What needs to be done
Go to the line holding "Davon Cobbs Stainless Steel Tumbler" in the data below. Return it and each line after it through the last, exactly, and skip the pictures.

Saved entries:
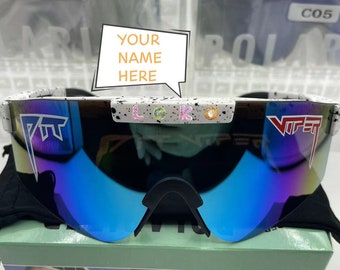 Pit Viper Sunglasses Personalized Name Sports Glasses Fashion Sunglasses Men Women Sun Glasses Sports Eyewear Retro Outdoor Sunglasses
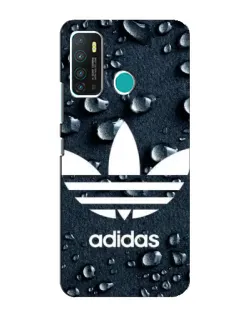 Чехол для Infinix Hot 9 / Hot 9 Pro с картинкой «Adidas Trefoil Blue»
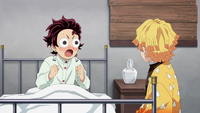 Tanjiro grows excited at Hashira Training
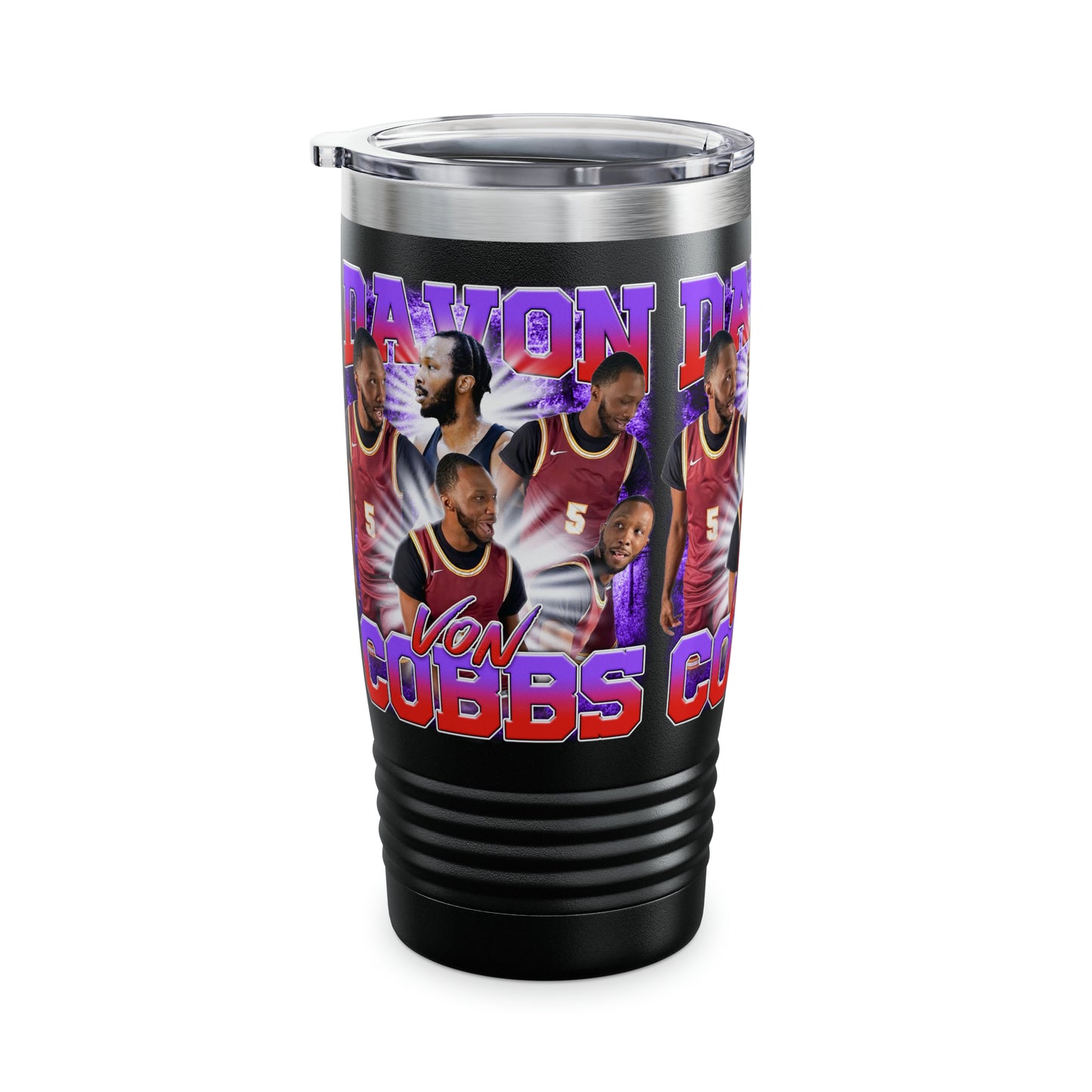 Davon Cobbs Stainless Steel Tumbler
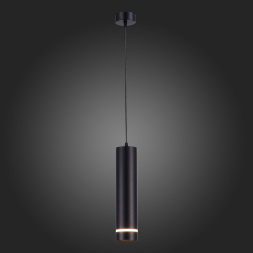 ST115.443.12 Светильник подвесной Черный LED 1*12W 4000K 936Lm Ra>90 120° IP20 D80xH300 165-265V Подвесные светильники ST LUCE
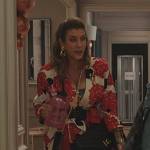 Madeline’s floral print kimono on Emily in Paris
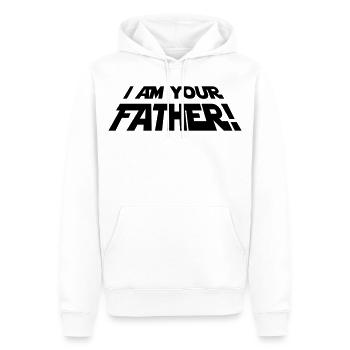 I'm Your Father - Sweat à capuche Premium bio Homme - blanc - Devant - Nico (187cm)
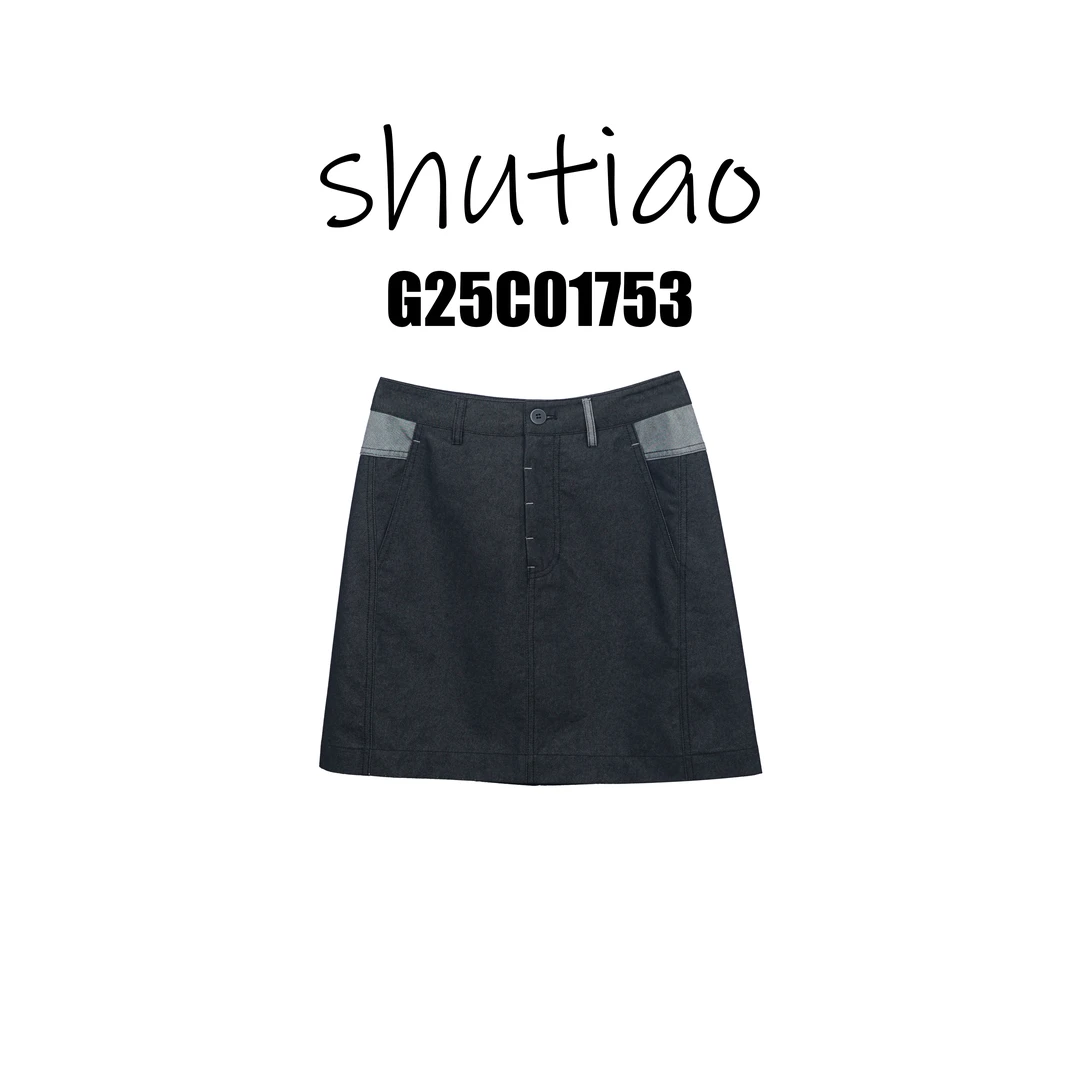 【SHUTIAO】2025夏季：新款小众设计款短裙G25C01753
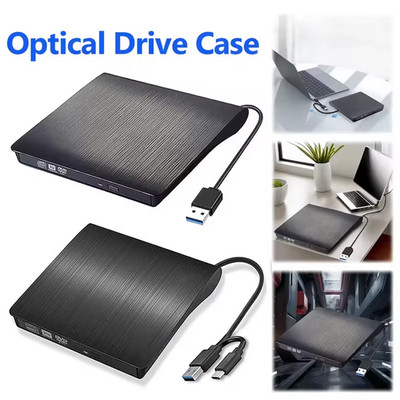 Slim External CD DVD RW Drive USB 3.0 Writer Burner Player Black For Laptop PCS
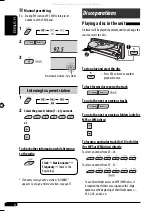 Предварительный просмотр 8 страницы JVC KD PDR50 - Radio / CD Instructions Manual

Output
 Davon Cobbs Stainless Steel Tumbler
 ST115.443.12 Светильник подвесной Черный LED 1*12W 4000K 936Lm Ra>90 120° IP20 D80xH300 165-265V Подвесные светильники ST LUCE
 Madeline’s floral print kimono on Emily in Paris
 I'm Your Father - Sweat à capuche Premium bio Homme - blanc - Devant - Nico (187cm)
 【SHUTIAO】2025夏季：新款小众设计款短裙G25C01753
 Slim External CD DVD RW Drive USB 3.0 Writer Burner Player Black For Laptop PCS
 Предварительный просмотр 8 страницы JVC KD PDR50 - Radio / CD Instructions Manual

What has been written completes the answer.